The film's soundtrack was composed by Aruldev. Aruldev stated that he had gone for "ethnic and deep sounds" and that instruments associated with world music like the hand drum and duduk were used for the score. The composer had also planned to record a musical piece for the film with a quartet from the UK. The soundtrack album was launched on 14 May 2014.

Behindwoods termed the album as "sweetly adventurous in its music". Chennai Times rated the album of 3.5/5 and termed the album as 'Arul Dev has given listeners a slice of everything for Poovarasam Peepee. He has kept the album simple with likable tunes, yet he keeps the theme of the film intact'.

Track listing
| No. | Title | Singer(s) | Length |
|---|---|---|---|
| 1. | "Gnayiru Dhinangalin (Version 1)" | Abhay Jodhpurkar |  |
| 2. | "Angry Birds" | Ranjith, Aajeedh Khalique, Gautham |  |
| 3. | "En Ulagam" | Karthik |  |
| 4. | "Ko Ko Ko" | Aajeedh Khalique, Gautham, Vignesh, Iyshwarya, Swetha, Reagan |  |
| 5. | "Enakkondrum Vaanveli" | Aajeedh Khalique |  |
| 6. | "Gnayiru Dhinangalin (Version 2)" | Karthik |  |
| 7. | "Theme Music" | Instrumental |  |

==Critical reception==
The Times of India gave the film 3 stars out of 5 and called it "a refreshing (and a bit uneven) adventure story", going on to add, "The pace during the first hour is definitely leisurely and less lively it is only with a chase in the second half that the film hits its stride. It isn't exactly too late because once it finds its rhythm, Poovarasam Peepee turns into a thrilling ride with its irresistible David vs Goliath plot". Rediff gave it 2.5 stars out of 5 and wrote, "The consistency seems to be missing. At times, the boys appear childish and naïve, but some of the dialogues are quite explicit and mature and don't seem to go with their character. Also, there are several scenes in the story depicting the puppy love between the different characters, which seem totally unnecessary, even ridiculous at times. However, this is a totally different concept and newcomer Halitha Shameem, does deserve credit for weaving an excellent suspense thriller".
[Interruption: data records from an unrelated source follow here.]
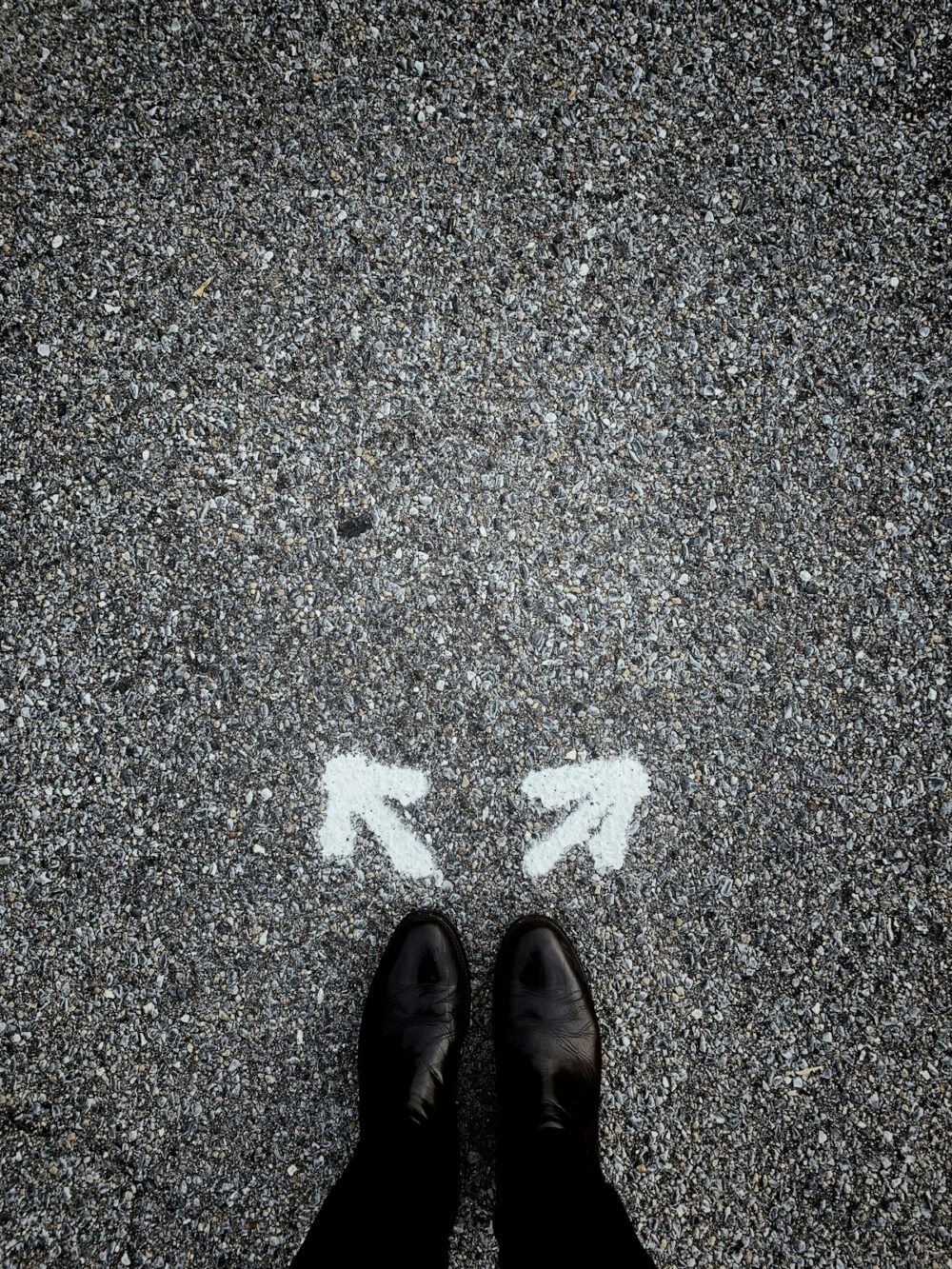 分かれ道でAI英会話と人間講師のどちらを選ぶか迷うイメージ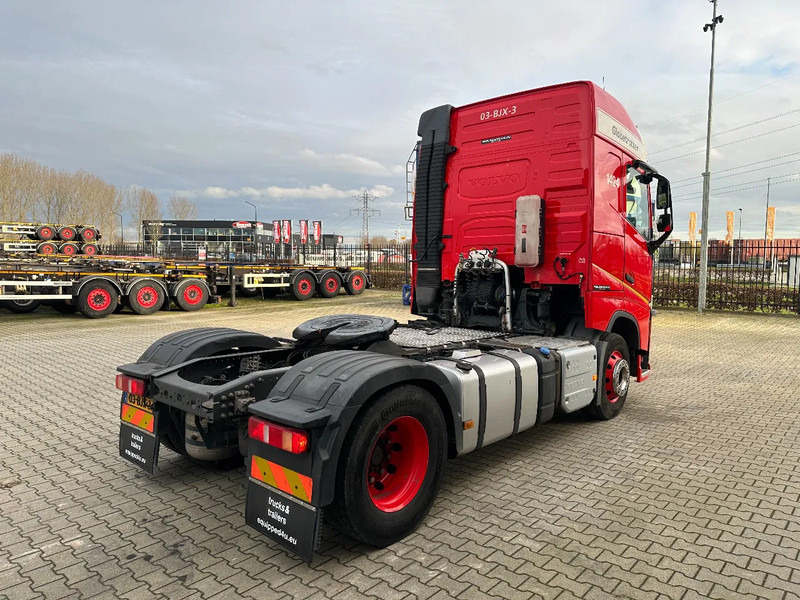 Volvo FH Globetrotter 4x2 ADR (EXII, EXIII, FL, AT) EURO-6 VEB 605.158km NL valid ADR/APK: 4/2026 - Tractor unit: picture 4 Volvo FH Globetrotter 4x2 ADR (EXII, EXIII, FL, AT) EURO-6 VEB 605.158km NL valid ADR/APK: 4/2026 - Tractor unit: picture 4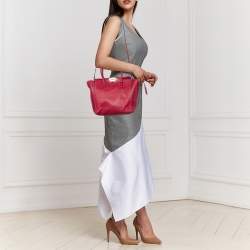 Pre Owned Valentino Magenta Leather Rockstud Trapeze Tote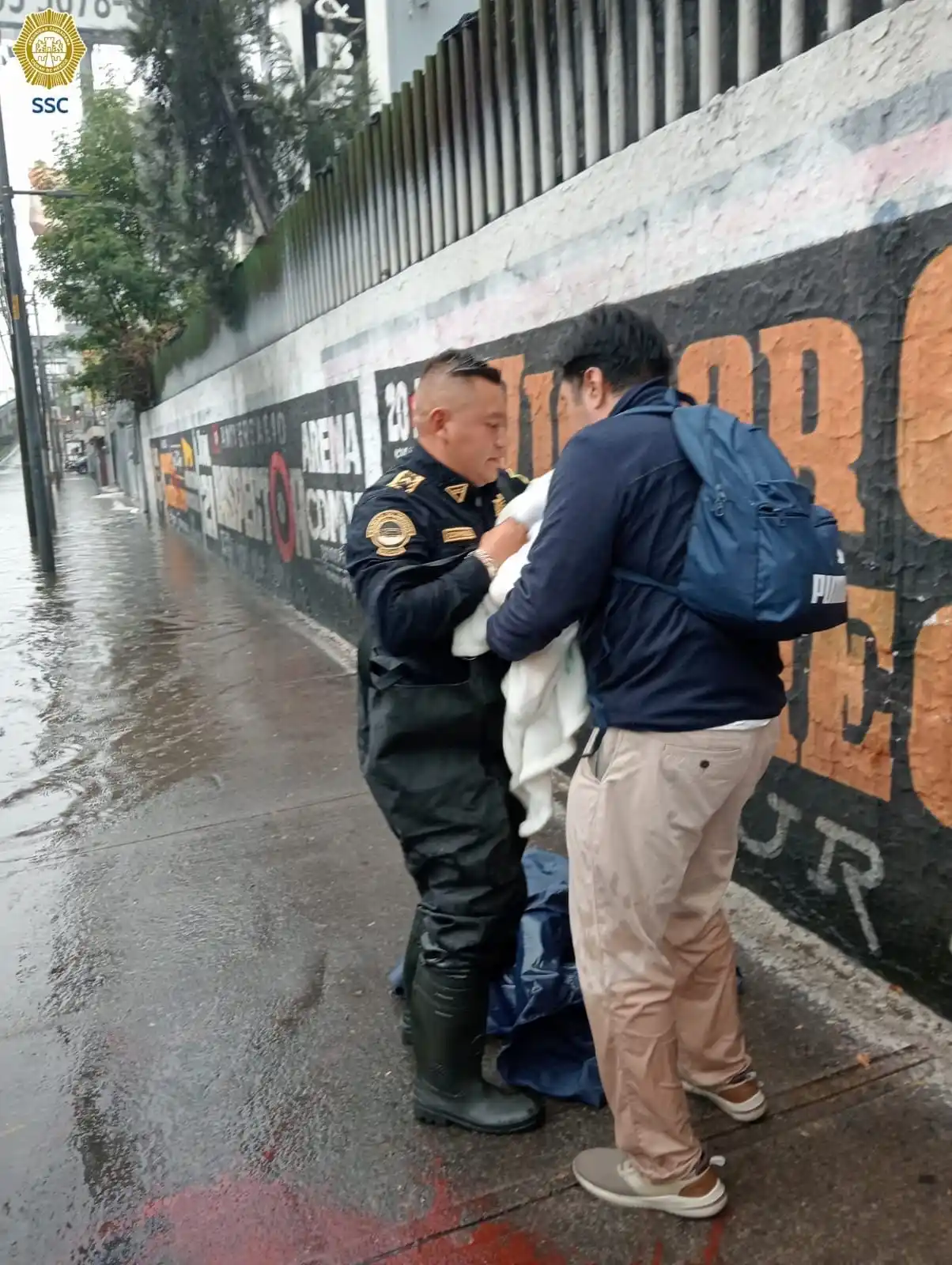 Image from Secretaría de Seguridad Ciudadana de la Ciudad de México: https://goo.su/vEm2Zi Tlaloque 2025 l En el Periférico y la Avenida Mé...
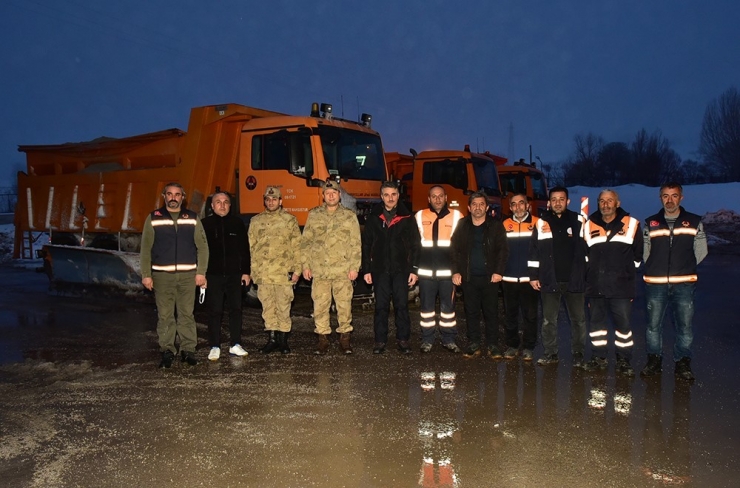 Vali Baruş, Karlı Yolları Açma Çalışmalarını Denetledi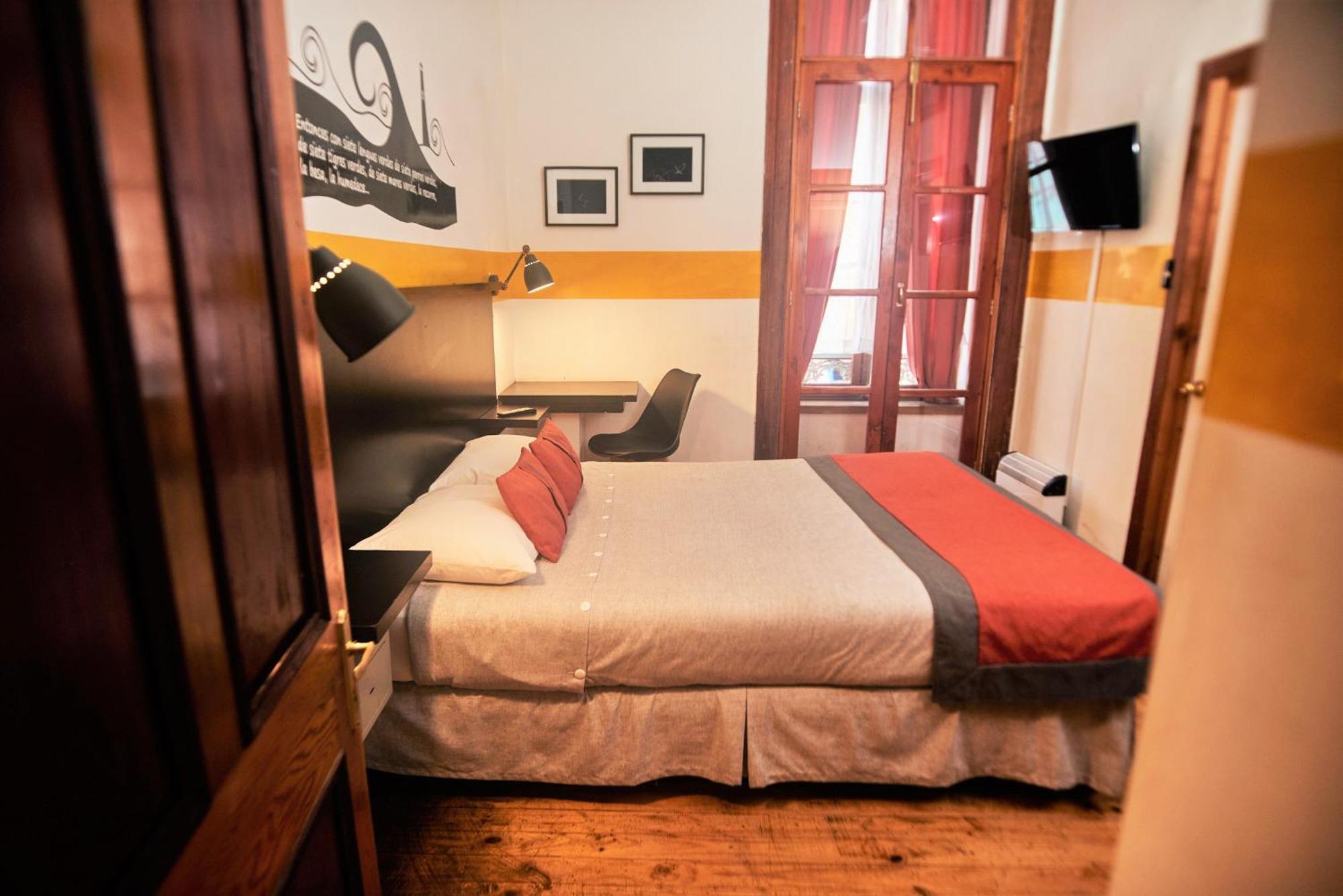 Maki Hostels & Suites 瓦尔帕莱索 外观 照片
Sify called the film "an enjoyable summer break" and further wrote, "Halitha has done a neat job, backed by green unseen locations and awesome camerawork by Manoj Paramahamsa", although adding that it was "not in the same league as a Pasanga or a Goli Soda, because [it] has too many sub-plots which are not well etched". The director herself objected to the Goli Soda comparison, saying "The only thing my film has in common with Goli Soda is the casting of child artistes. Apart from that, there is absolutely no similarity. Behindwoods.com gave it 3 stars out of 5 and wrote, "big cheers to director, Halitha Shameem! She uses both the information sources and her voice to the fullest. In a name like RSS, in a character like the kid who rents his toy, in a scene where the villain falls in a pothole – she announces that she is here to stay". Silverscreen.in gave the film an aggregated rating of 9.1/10 based on 10 different reviews. Silverscreen also reviewed the film positively, praising Halitha for "documenting adolescence with unnerving honesty.